Information technology eases dealings with contract organizations

Pharmaceutical and biotechnology companies have undergone tremendous change during the past dozen years. Until recently, with few exceptions, most operated in vertically integrated silos, with each company managing its own research and development, manufacturing, sales, and marketing under one roof.

Today, all that has changed. Biotech and pharma have accepted the compelling economic logic of outsourcing. Nearly every modern-day biopharm company has developed a network of contract research organizations (CROs), contract manufacturing organizations (CMOs), and other service providers to help manage clinical trials, submit regulatory filings to the Food and Drug Administration (FDA), and scale up for commercial production.

Managing a disaggregated enterprise is difficult under any circumstances; it is even more so when human safety, drug efficacy, and hundreds of millions in development costs are at stake. Fortunately, many biopharms realize that savvy managers, well-planned service level agreements (SLAs), and effective use of information technology (IT) can provide the glue that holds the virtual enterprise together-even when IT itself may be outsourced. Shortcomings in any one of these areas can cause the outsourced supply chain to fail.

The CMO Relationship

Consider a sponsoring biopharm's relationship with a CMO. The sponsor must evaluate and select the CMO that best suits its business model and goals, negotiate SLAs that anticipate and avoid problems before they occur, and employ IT to monitor and manage the relationship while ensuring regulatory compliance.

As supply chains get longer and go offshore, sponsors will have to continuously improve upon IT practices to manage the virtual enterprise. Outsourcing sponsors cannot depend on CMOs to establish IT good practices. In the end, the sponsor is responsible for every act of noncompliance that occurs in its supply chain. It is the sponsor's drug and patient-and the FDA will hold the sponsor accountable.

CMOs come in every flavor, from global manufacturers who manage extended supply chains of their own to boutiques making small batches to support clinical trials. Small and mid-sized biopharms with little outsourcing experience and no products on the market may do better outsourcing to an onshore boutique accustomed to supplying CROs with clinical batches. Large sponsors may want to leverage their global footprint and save money by offshoring to a group of related CMOs (see "Offshoring Risks and Rewards," p. 38).

Regardless of the supplier strategy chosen, it is important to winnow prospective CMOs to a manageable list based on their proposals, management experience, references, longevity, and industry track record.

Let's say that three CMOs have made the initial cut and the sponsor's immediate concern is to support clinical trials that have been outsourced to a CRO. One CMO is a boutique that specializes in making and managing batches for clinical trials. The other two are larger and offer clinical support through offshore commercial scale-up, as well as packaging, labeling, radio frequency identification tagging, commercial distribution, post-marketing surveil-lance, adverse event reporting, and other services.

Due diligence is critical. Ultimately, the FDA holds the sponsor responsible for the regulatory compliance of its suppliers. The sponsor must first visit the CMO and conduct a pre-audit walk-through of its manufacturing systems and processes-including IT-because those systems will be used by the sponsor to monitor and manage the CMO while providing an electronic audit trail for the FDA.

At this stage, the sponsor wants to know if the CMO can protect its intellectual property, manufacture sufficient product to support the clinical research organization, comply with the FDA's current Good Manufacturing Practices (cGMPs) and 21 Code of Federal Regulations (CFR) Part 11 regulations, and provide actionable data and reports in an electronic format that can be used to manage the business relationship. For example, the CMO's IT systems must be able to collect and report data on material handling processes, lab analyses of active pharmaceutical ingredients (APIs) and excipients, and the manufacturing controls (including sterilization procedures) that result in the finished product.
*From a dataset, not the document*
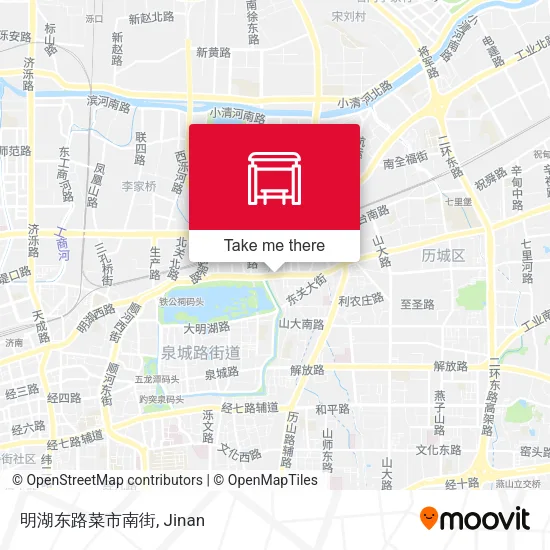 明湖东路菜市南街 map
The IT Pre-Selection Audit Process

It is far too costly and time-consuming to conduct a complete field audit of each of the CMO finalists. But in most cases, an experienced quality assurance (QA) or quality control (QC) professional can audit enough critical IT systems to identify any weak technology and business processes that must be rectified if a CMO is to be hired. It takes more time to perform a pre-selection audit of a highly automated CMO. Depending on the size of the project being outsourced, a pre-selection audit should, as a rule of thumb, take from two to four days.

Conducting a pre-selection audit is a lot like "managing by walking around." An experienced QA or QC professional can spot a lot of problems just by wandering around the manufacturing floor and noting practices. Is the CMO using a 30-year-old Digital Equipment Corporation PDP 11 computer with no network connection to gather data on its manufacturing systems? Does the company even have a manufacturing execution system? How is manufacturing data shared with the enterprise resource planning system? What kind of IT infrastructure is available on the factory floor? Does everybody have password access to the Pentium server near the loading dock and the forklifts? Are there backup systems in case the server is flattened in an accident?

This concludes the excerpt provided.